As private markets evolve, the industry must grapple with a number of questions shaping it. One area of interest is the mounting level of dry powder, which reached an estimated $1.8 trillion, according to our 2018 private markets annual review. In this video, McKinsey senior partner Aly Jeddy and partner Matt Portner talk through whether this is a concern, as well as whether dry powder is the right metric to focus on. An edited transcript of their remarks follows.
Is dry powder anything to worry about?
Matt Portner: There’s a lot of hand-wringing in the industry about dry powder, and there has been for a few years now. What we’ve said previously is that if you look at dry powder more as inventory on hand than as an absolute number, it’s less of a concern, because deal activity has historically kept up with fundraising. That means that if you look at it over time, it’s been fairly consistent how much dry powder the industry has on hand.
What’s changed in the past couple years is deal activity has started to fall. And when deal activity starts to fall and dry powder continues to accumulate, that can become a problem overall. Now, add to that that limited partners are putting pressure on their external managers to deploy that capital, and you get an increase in multiples. You get external managers doing deals that they might not otherwise do, at multiples they might not otherwise pay—and that can become a problem.

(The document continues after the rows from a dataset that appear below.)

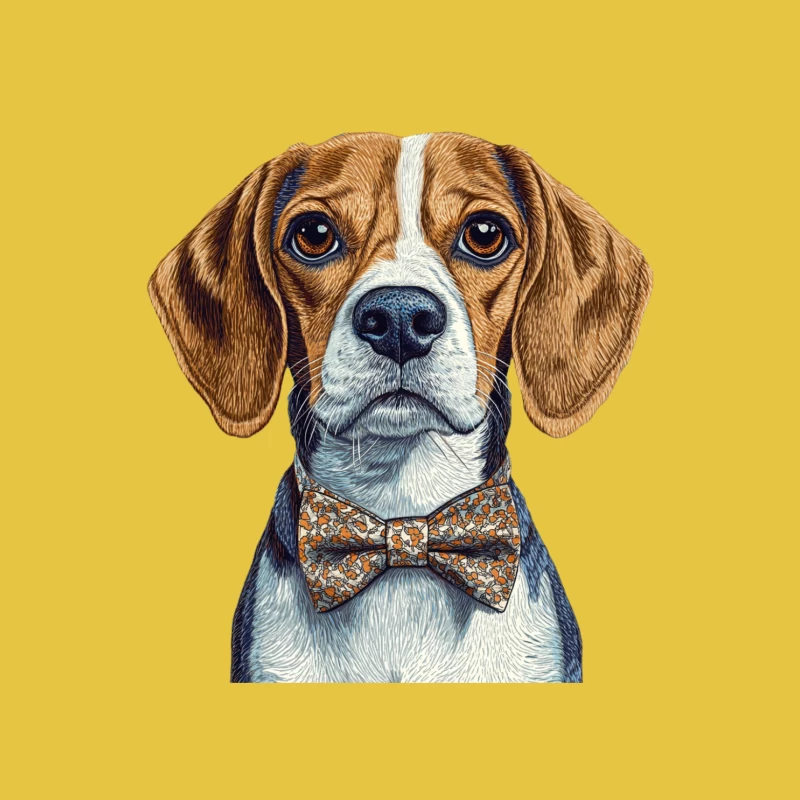 Stylish Beagle Portrait: Detailed Illustration of a Bow Tie-Wearing Dog Male T-Shirt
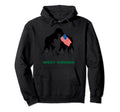 Sasquatch West Virginia Usa Flag Bigfoot Hoodie - Graphic Print Unisex - T-Shirt, Sweatshirt, Hoodie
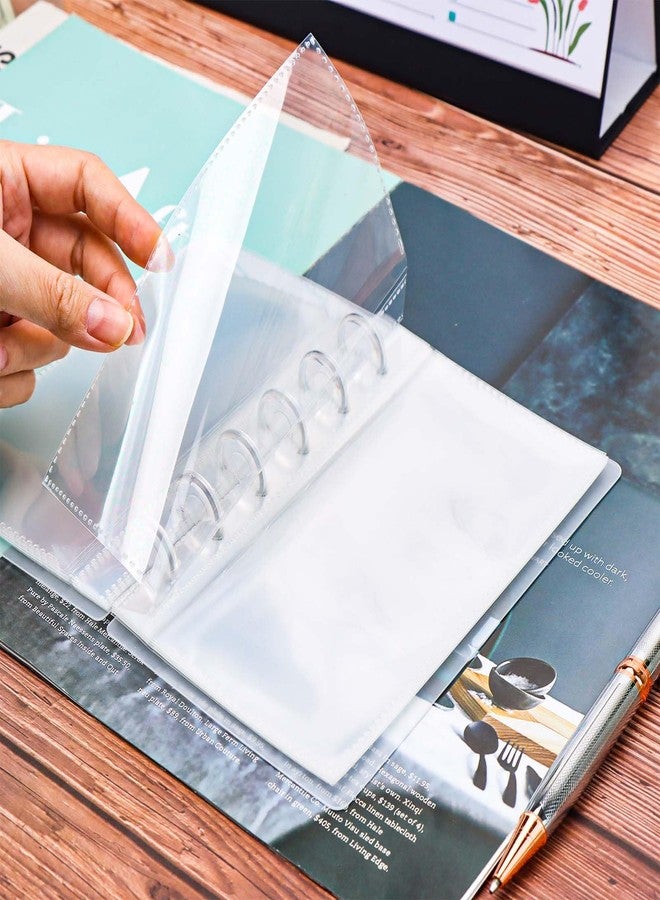 Mogoostry Clear Sheet Protectors 6 Disc Binder 20 Sheets Inner Page Plastic Protective Sleeves 3 inch Card Pockets Disbound Photo Album (1-Pocket) - Image 5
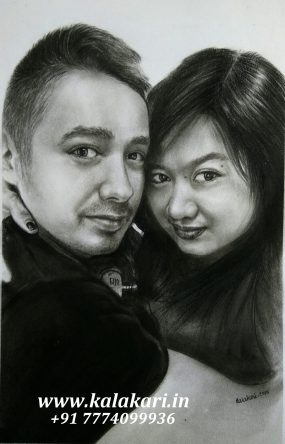Charcoal sketch gift for girl friend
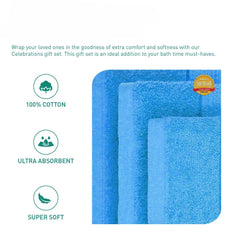 Enera Carnival Collection Perfect Blue Color 4 Pcs Bath Towel - enera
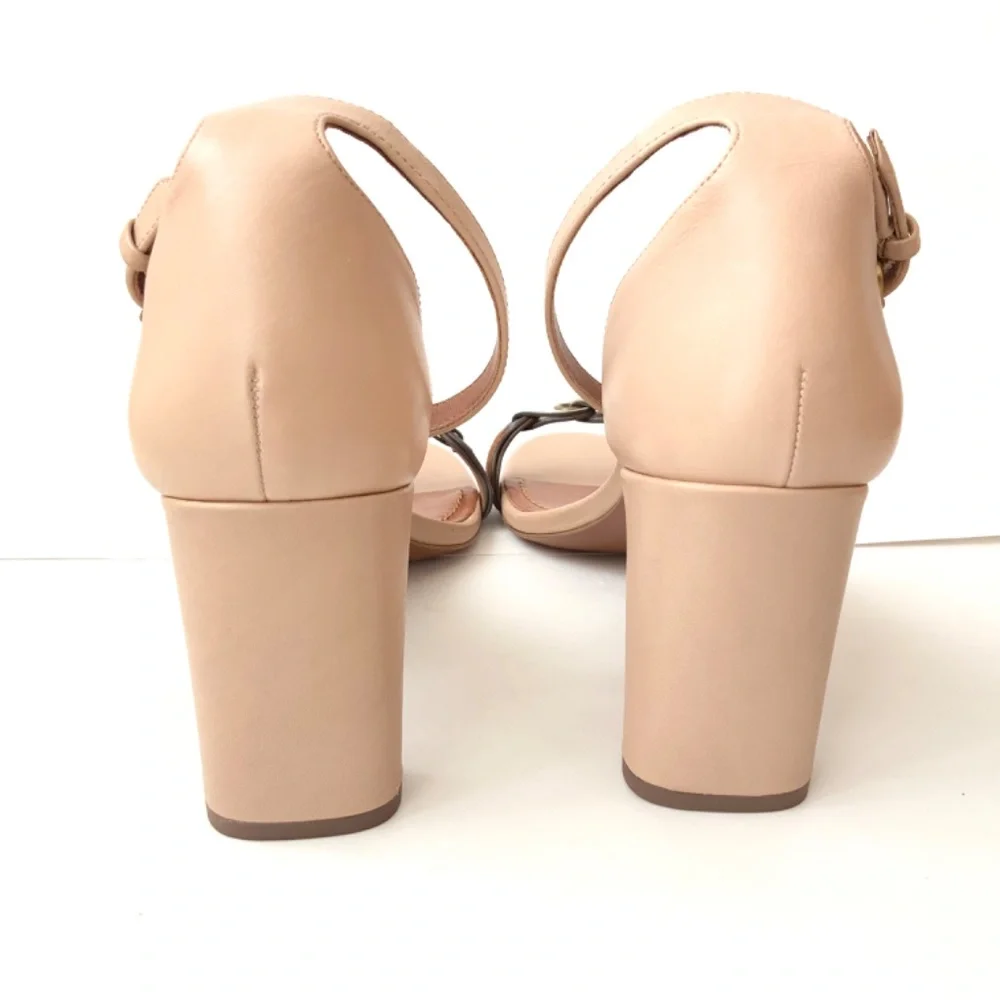 Coach Link Nude Beige Leather Block Heel Ankle Strap Sandals Dress Shoes 8.5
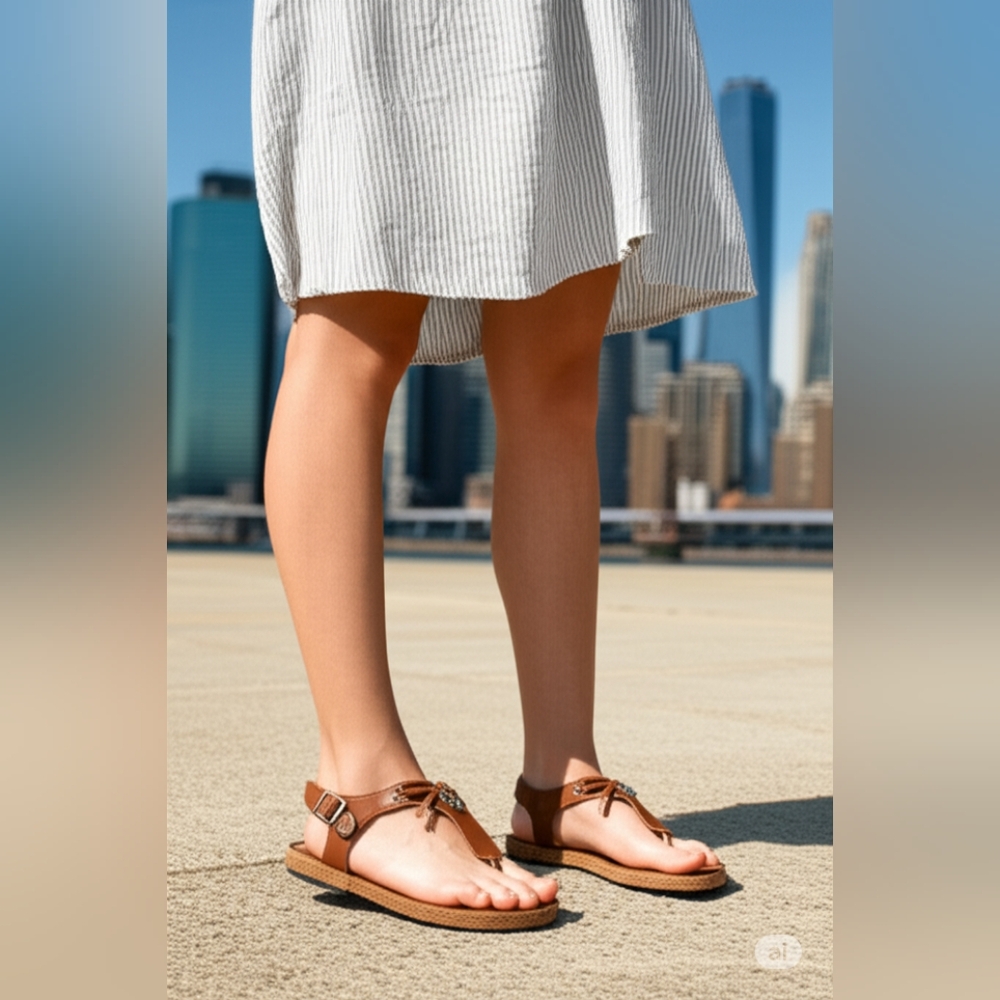 MICHAEL Michael Kors Tilly Flora Flower Charm Sandals-brown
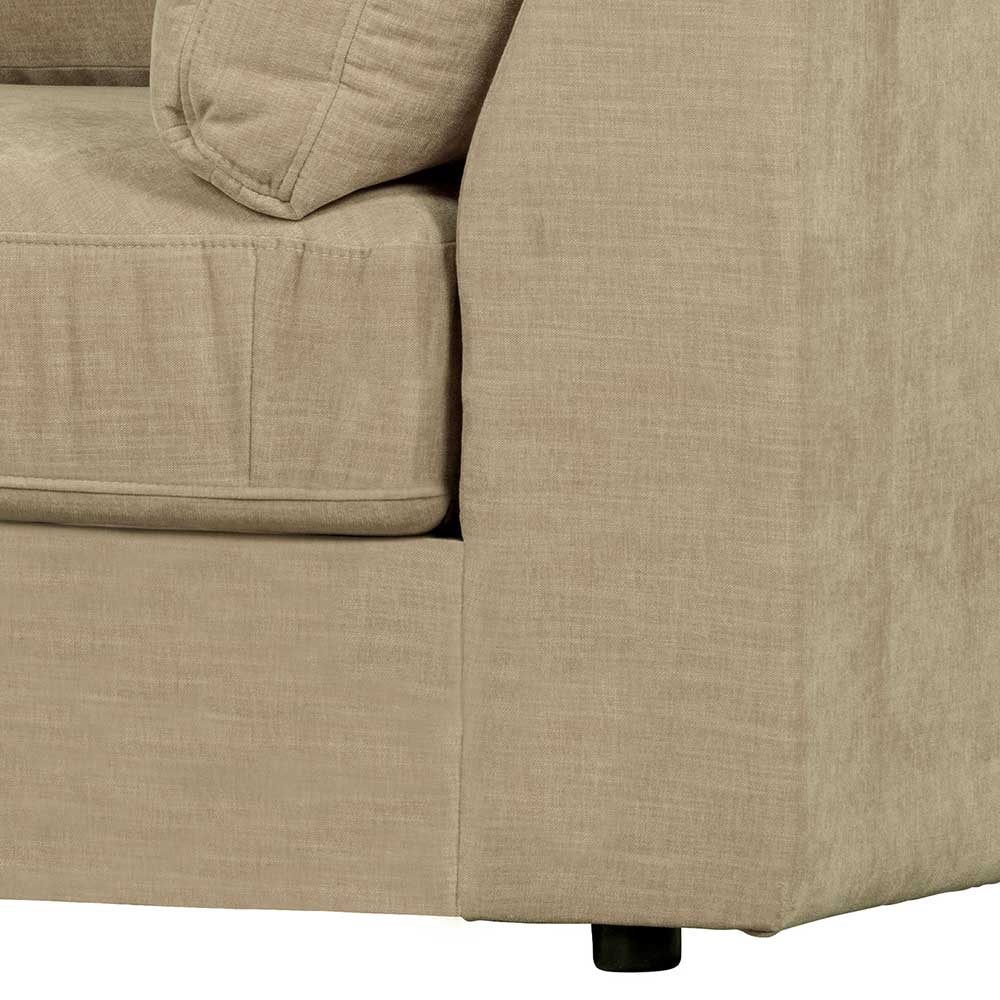 Modulsofa Ecke mit linker Armlehne in Beige, sichtbarer Stoffbezug und schwarzer Fuß – Philippe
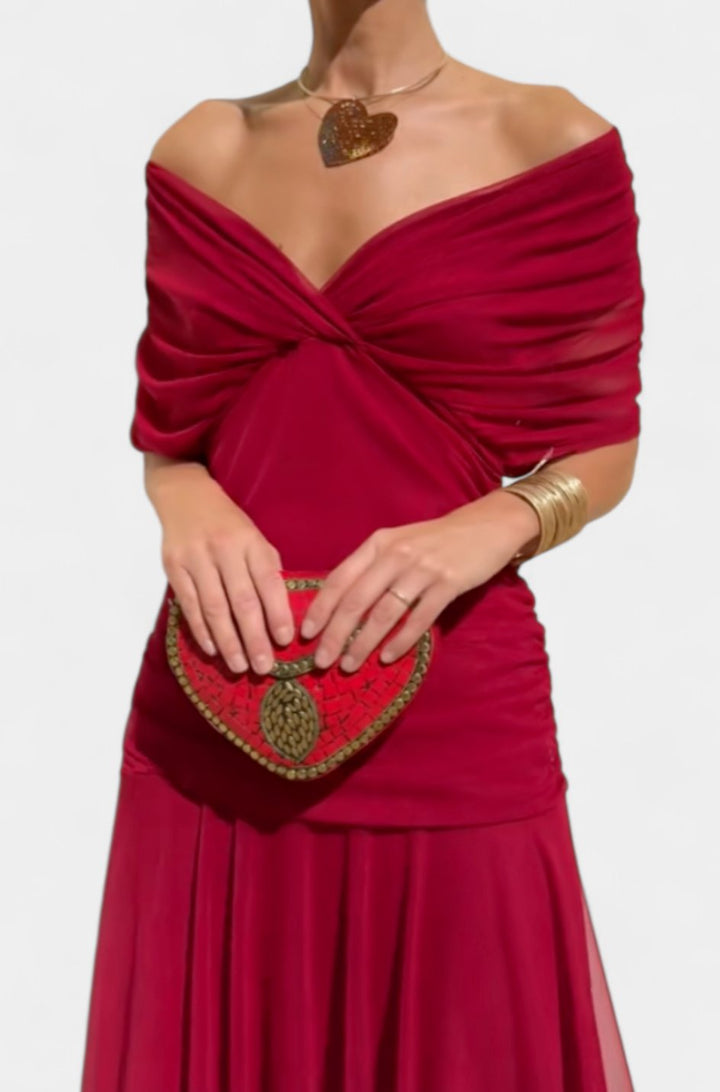 Women's Elegant Off-Shoulder Ruched Floral Midi Dress - Red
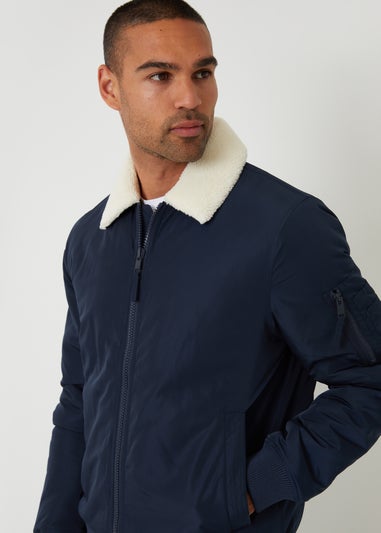 Threadbare Navy Borg Collar Bomber Jacket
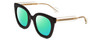 Profile View of GUCCI GG0564S Designer Polarized Reading Sunglasses with Custom Cut Powered Green Mirror Lenses in Gloss Black Crystal Gold Ladies Cateye Full Rim Acetate 51 mm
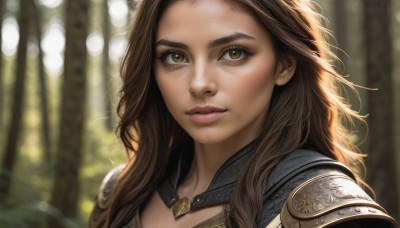 1girl,solo,long hair,looking at viewer,brown hair,brown eyes,jewelry,closed mouth,upper body,armor,blurry,lips,eyelashes,depth of field,blurry background,wavy hair,shoulder armor,portrait,nature,close-up,forest,pauldrons,realistic,nose,outdoors,day,sunlight,thick eyebrows,forehead,backlighting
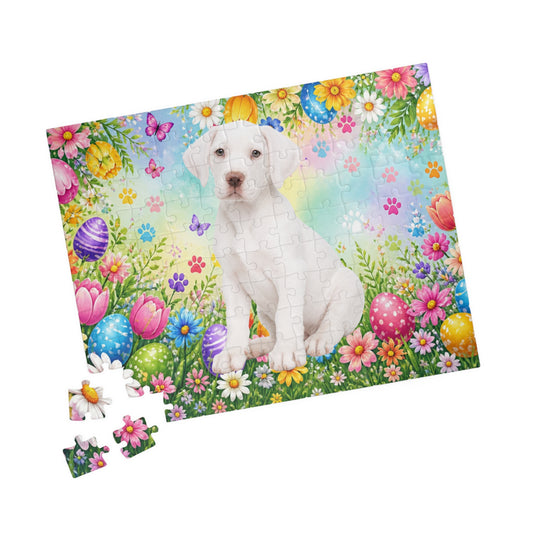 Great Dane (White) Easter Puppy Puzzle - Spring Garden with Eggs, Tulips, and Daisies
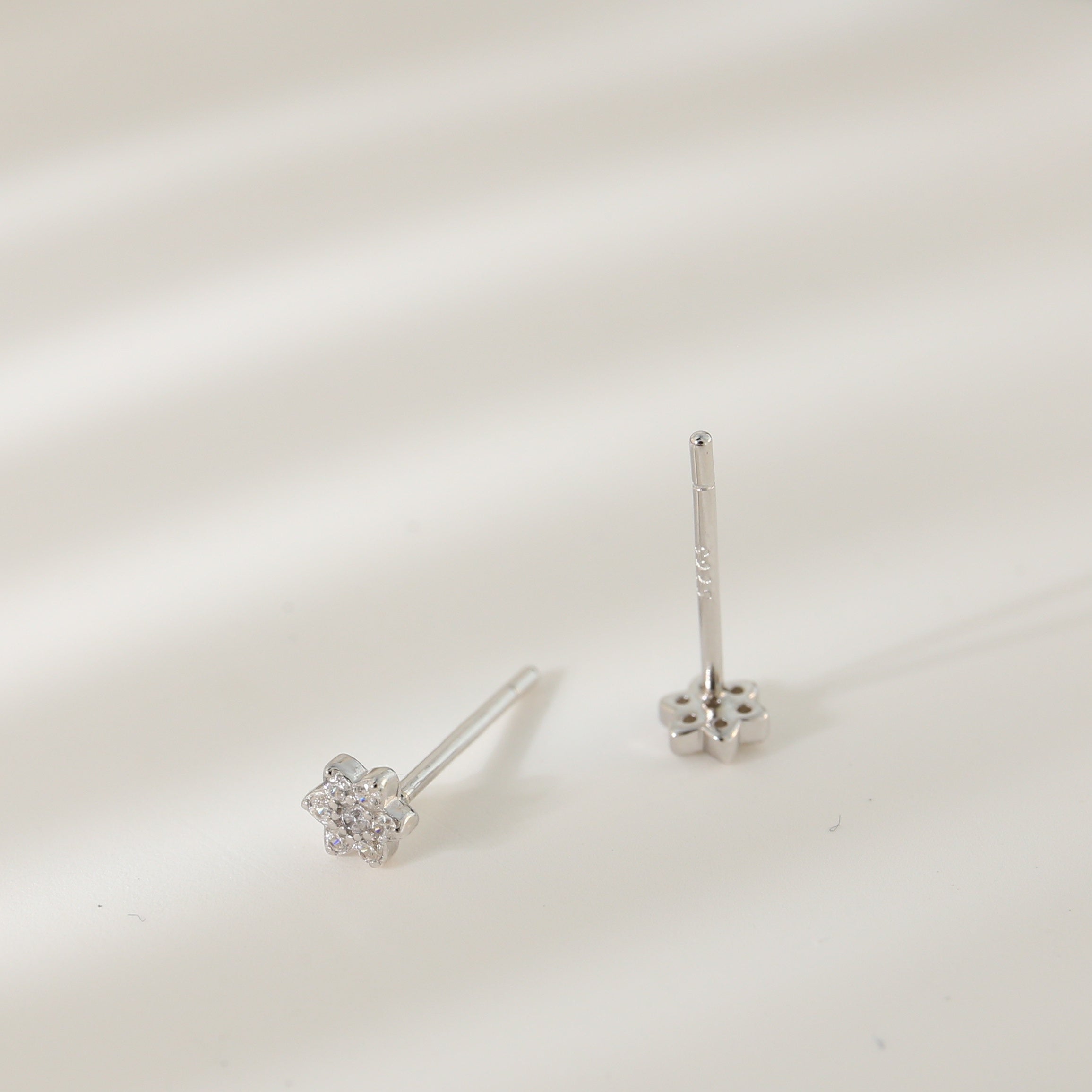 925 Silver Mini Hexagonal Star Stud Earrings for Girls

Is dry powder a useful industry metric?
Aly Jeddy: The most disciplined investors have always resisted the idea of focusing on dry powder. The conventional logic has been that, when there is a lot of dry powder, two things can happen. One, fundraising might not occur as robustly, because people might say, “Well, what have you done with the money I already gave you?” Obviously, that’s not happening. We continue to see very robust fundraising.
The other, bigger concern has been, “It’ll burn a hole in your pocket.” You as a GP [general partner] will say, “I’ve got all this undeployed money. So, I need to deploy it, and you’ll become less disciplined.” The most sophisticated GPs will say, “We have enough rigor and discipline around the investment process that we will not deploy money into a suboptimal investment simply because we happen to have it.”
To my other point, the proxy of dry powder becomes a poor one when, in fact, that’s not the only capital at my disposal. In fact, if I found a fabulous transaction that was far in excess of my dry powder, it would not take me long to amass the remainder of the capital from sophisticated investors who can analyze transactions on their own, have strong points of view, and have enormous amounts of capital to deploy alongside in interesting structures.
So that’s why the metric of dry powder—while the industry continues to focus on it and talk about it, and we talk about it too because it does have implications for future J-curve evolution—again, if you’re talking about the ability to do deals or the ability to be disciplined, it’s not a useful proxy.